Imperceptibly she began to shake her head, and tentatively, certain that he would vanish if she admitted to herself that he was flesh, bone, and blood, her hands began to lift from her sides. Inside her body the cold knot into which all emotion and spirit had been reduced began to expand, like a warm draught through her veins. Her mind reverberated with one exultant conclusion: he was there, and he wouldn’t be if he hadn’t forgiven her.
“Lars?” Her voice was a whisper of disbelief but sufficient reassurance to propel him across the intervening space. Then, as if he found their reunion as incredible as she, he folded her carefully into his arms.
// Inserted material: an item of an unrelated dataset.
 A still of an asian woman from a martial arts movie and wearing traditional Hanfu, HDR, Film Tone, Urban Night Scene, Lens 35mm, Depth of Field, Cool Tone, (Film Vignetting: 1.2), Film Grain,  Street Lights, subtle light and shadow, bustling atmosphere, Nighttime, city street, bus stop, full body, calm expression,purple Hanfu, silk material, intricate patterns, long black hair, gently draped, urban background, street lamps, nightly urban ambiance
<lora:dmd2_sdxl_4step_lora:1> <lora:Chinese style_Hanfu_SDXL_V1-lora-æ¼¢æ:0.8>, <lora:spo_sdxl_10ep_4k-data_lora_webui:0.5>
Momentarily she lacked the strength to return the embrace but burrowed her head into the curve of his shoulder and neck, inhaling the smell of him, and exhaling into the tears she had kept bottled for the eternity in which they had been parted.
Lars swept her up in his arms, and carried her to the chair, where he cradled her, appalled at the wildness of her sobbing and comforting her with kisses, caresses, and strong embracings.
“That fardling machine that served justice was never told we were emotionally attached, the one piece of information that no one but us would have thought relevant,” he said, releasing in talk the tension he had endured all through the process of getting to this point when he would be ready, and able, to meet her again. “Then Father found out what had happened and he moved the entire Department to revoke that judgment on the basis of misinterpretation of your psychological response. Poor sweet Sunny, so worried about me she messed us both up.” To her surprise, he chuckled. “You didn’t know that the only reason that disciplinary action was entered against me was the Court’s attempt to satisfy what they took to be a suppressed desire for revenge in you. Justice was being served, blind as it was. Father finally reached a human in authority, swore blind to half a dozen psych-units that he himself had handfasted us on Angel Island and got the action revoked. D’you know, that Court Bailiff was a narding construct! No wonder I couldn’t move when he grabbed me. Then, when we did understand our rights, Trag had already departed with you.